Simon Riaux | 7 octobre 2013
Simon Riaux | 7 octobre 2013

Michael Noer, issu du documentaire, voit sa première réalisation, Northwest arriver sur nos écrans quelques mois après une sortie remarquée dans son Danemark natal. Bénéficiant sans doute de l'intérêt actuel des distributeurs pour les productions estampillables « thriller nordique », le métrage débarque chez nous auréolé d'une réputation plus que favorable, d'aucun n'hésitant pas à le comparer au Pusher de NWR. S'il y a de quoi rester sceptique devant ces références et la mode qui les meut, il n'en reste pas moins que cette première réalisation venue du froid a tout d'un poing de souffre dans une moufle d'acier trempé.

Casper est l'aîné de trois enfants, obligé de survivre à coup de petits délits pour agrémenter un quotidien misérable, il va faire la rencontre d'un criminel bien plus aguerri que lui, prêt à le prendre sous son aile, pour peu qu'il se dévoue corps et âme à sa cause.
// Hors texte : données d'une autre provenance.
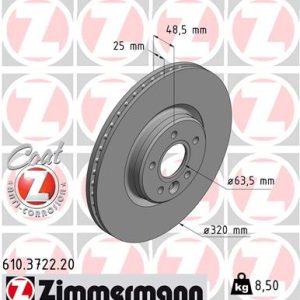 Disc frana VOLVO C30 (533) 2.0 benzina 145 cai ZIMMERMANN 610.3722.20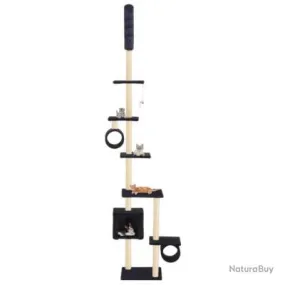 Arbre à chat griffoir grattoir niche jouet animaux peluché en sisal 260 cm bleu foncé 3702086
Northwest tire son titre du nom d'un des quartiers les plus pauvres et métissés de Copenhague, et c'est bien ce dernier le personnage principal de cette histoire désespérée. Via sa mosaïque de personnages âpres, prisonniers de liens familiaux, sociaux, voire claniques, le récit nous dévoile les battements de cœur sourds d'une cité en pleine déréliction, dont le sang tantôt brûlant tantôt glacé fait immanquablement écho à celui qui bouillonne dans les artères de nombreux pays européens. C'est là la première grande force de la mise en scène : immerger le spectateur grâce à un naturalisme d'une réelle noblesse, qui n'oublie jamais de composer une esthétique rigoureuse, traversée de fulgurances picturales. Point de jugement, pas de réquisitoire, mais la pure radiographie d'une société en permanence au bord de l'éclatement, où les anti-modèles pullulent, sans aucun cadre capable de les enrayer ou de les exclure. L'œil du documentariste se fait clairement sentir, sans s'imposer.
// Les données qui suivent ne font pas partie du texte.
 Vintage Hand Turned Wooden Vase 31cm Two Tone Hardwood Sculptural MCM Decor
L'autre réussite de Michael Noer tient dans cet équilibre sauvage entre désir de réel et soif de cinéma, de mythe. À l'image de ses personnages tiraillés entre des appartenances irréconciliables, le metteur en scène établit souvent des bascules d'une belle puissance, lorsque la crudité du réel se métamorphose au sein d'un même plan en une composition visuelle opératique. À l'image de son caïd nimbé dans les réfractions rougeoyantes d'une discothèque vulgaire, le film fait se nourrir réalité et fiction afin d'en dépasser les figures imposées. De cette position théoriquement intenable, l'artiste tire des scènes touchantes, bouleversantes parfois, comme en témoigne son dernier plan, où l'explosion tant redoutée prend la forme d'un espace vide, dont la vie s'est retirée telle la lumière des yeux d'un mourant.
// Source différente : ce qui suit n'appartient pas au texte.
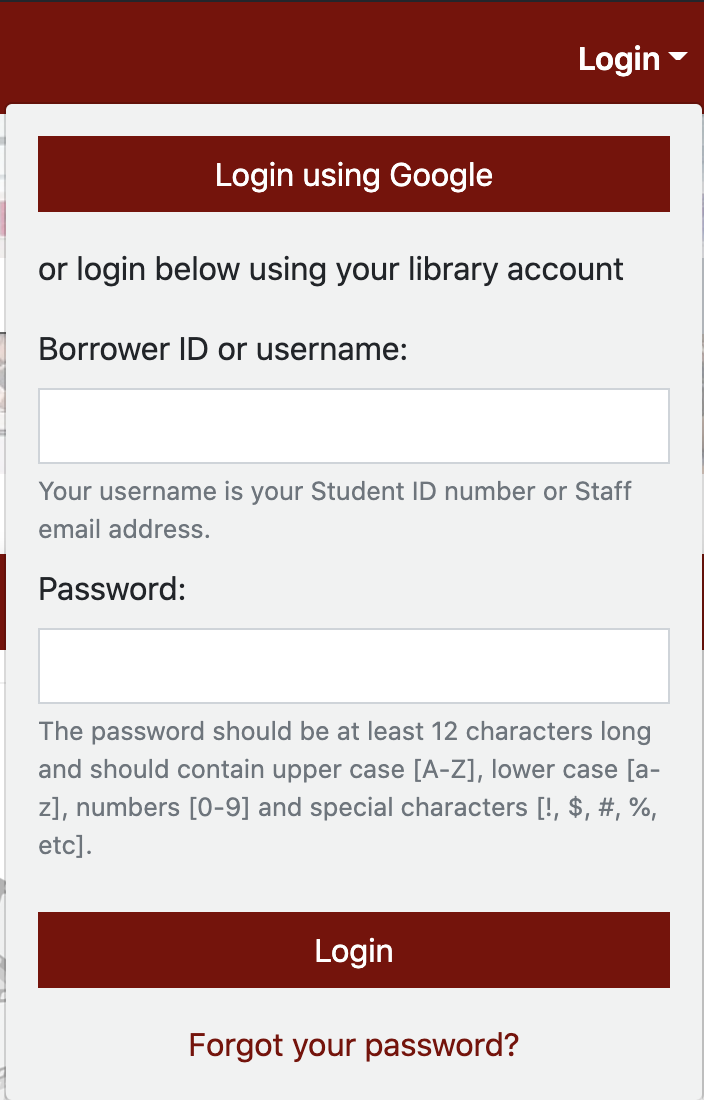 Login button from top right of library website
Pour sa radicalité et sa clairvoyance quant aux tenants et aboutissants d'une criminalité protéiforme, on aime Northwest. On lui pardonne même le classicisme de son intrigue, ainsi que la trajectoire convenue de ses protagonistes. Il ne manque pas grand chose pour faire de cette surprise glaçante une déflagration véritable. Peut-être sa très grande proximité avec le sujet traité (famille travaillant dans la police, réalisation d'un documentaire sur un sujet idoine, ou apparaissait un des « acteurs » qui relatait son parcours criminel) a empêché l'auteur de tout à fait lâcher la bride à son récit. Quelques discrètes réserves qui ne doivent pas vous retenir de découvrir cette chronique sociétale d'une force inattendue.